Empat Kaidah Utama Dalam Memahami Tauhid

Empat Kaidah Utama Dalam Memahami Tauhid

Aku memohon kepada Allah Al Karim Rabb pemilik Arsy yang agung semoga Dia melindungimu di dunia dan di akhirat. Aku juga memohon kepada-Nya supaya menjadikan dirimu diberkahi di manapun kamu berada. Aku juga memohon kepada-Nya supaya menjadikan dirimu termasuk di antara orang-orang yang bersyukur apabila diberi kenikmatan, bersabar ketika tertimpa cobaan, dan meminta ampunan tatkala terjerumus dalam perbuatan dosa, karena ketiga hal itulah tonggak kebahagiaan.

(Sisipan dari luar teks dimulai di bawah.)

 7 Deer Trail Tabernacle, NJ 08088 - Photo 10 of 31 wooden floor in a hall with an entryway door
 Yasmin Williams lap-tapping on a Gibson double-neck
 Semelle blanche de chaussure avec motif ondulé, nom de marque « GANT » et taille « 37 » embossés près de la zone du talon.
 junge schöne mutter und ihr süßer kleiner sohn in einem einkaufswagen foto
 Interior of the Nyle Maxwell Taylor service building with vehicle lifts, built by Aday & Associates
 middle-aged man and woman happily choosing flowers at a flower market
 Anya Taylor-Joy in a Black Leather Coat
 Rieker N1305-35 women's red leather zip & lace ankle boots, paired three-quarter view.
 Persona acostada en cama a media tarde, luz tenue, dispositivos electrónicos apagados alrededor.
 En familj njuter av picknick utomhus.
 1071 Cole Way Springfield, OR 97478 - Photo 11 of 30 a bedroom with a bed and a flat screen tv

Ketahuilah, semoga Allah membimbingmu untuk taat kepada-Nya, Al Hanifiyah yaitu agama yang diajarkan oleh Ibrahim ialah beribadah kepada Allah semata dengan mengikhlaskan agama (amal) untuk-Nya. Itulah perintah yang Allah berikan kepada segenap umat manusia dan hikmah penciptaan mereka.

Sebagaimana dinyatakan oleh firman Allah ta’ala (yang artinya), “Dan tidaklah Aku ciptakan jin dan manusia melainkan supaya mereka beribadah kepada-Ku.” (QS. Adz Dzariyat [51]: 56). Apabila kamu telah menyadari bahwa kamu diciptakan untuk beribadah kepada-Nya, maka ketahuilah bahwa sesungguhnya suatu ibadah tidaklah dianggap bernilai ibadah kecuali apabila disertai dengan tauhid. Sebagaimana halnya shalat yang tidak bisa disebut shalat apabila tidak disertai dengan thaharah (keadaan suci pada diri pelakunya, pen). Maka apabila syirik menyusupi suatu ibadah, niscaya ibadah itu menjadi rusak. Sebagaimana apabila ada hadats yang muncul pada diri orang yang sudah bersuci.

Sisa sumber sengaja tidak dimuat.